Plasticity in ascending long propriospinal and descending supraspinal pathways in chronic cervical spinal cord injured rats

• Main Authors: Marie-Pascale eCôté, Megan Ryan Detloff, Rodel Jr eWade, Michel A. Lemay, John D. Houlé
• Format: Article
• Language: English
• Published: Frontiers Media S.A. 2012-08-01
• Series: Frontiers in Physiology
• Subjects: H-Reflex; spinal cord injury; magnetic stimulation; inter-enlargement; motor-evoked potentials; propriospinal
• Online Access: http://journal.frontiersin.org/Journal/10.3389/fphys.2012.00330/full

The high clinical relevance of models of incomplete cervical spinal cord injury (SCI) creates a need to address the spontaneous neuroplasticity that underlies changes in functional activity that occur over time after SCI. There is accumulating evidence supporting long projecting propriospinal neurons as suitable targets for therapeutic intervention after SCI, but focus has remained primarily oriented toward study of descending pathways.
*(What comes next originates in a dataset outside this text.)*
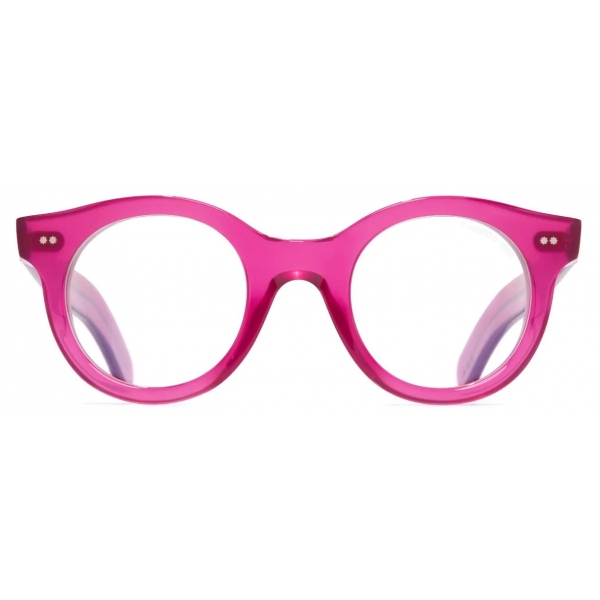 Cutler & Gross - 1390 Round Optical Glasses - Opal Fuchsia - Luxury - Cutler & Gross Eyewear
Long ascending axons from propriospinal neurons at lower thoracic and lumbar levels that form inter enlargement pathways are involved in forelimb-hindlimb coordination during locomotion and are capable of modulating cervical motor output. Magnetic stimulation was used as a non-invasive investigational tool to assess transmission in long ascending propriospinal pathways to investigate how a unilateral cervical spinal contusion that does not directly damage this pathway might influence spinal cord plasticity. Our results show that transmission is facilitated in this pathway on the ipsilesional side as early as 1 week post-SCI. We also probed for descending magnetic motor evoked potentials and found them absent or greatly reduced on the ipsilesional side as expected. H-reflex recorded from the forelimb triceps brachii was bilaterally impaired although Hmax/Mmax was increased only on the ipsilesional side. Behaviorally, stepping recovered, but there were deficits in forelimb-hindlimb coordination as detected by BBB and CatWalk measures. In summary, results suggest that uninjured, initially latent pathways mediate recovery pointing towards functional reorganization of spinal pathways rather than axonal sprouting as a mechanism for spontaneous recovery after SCI.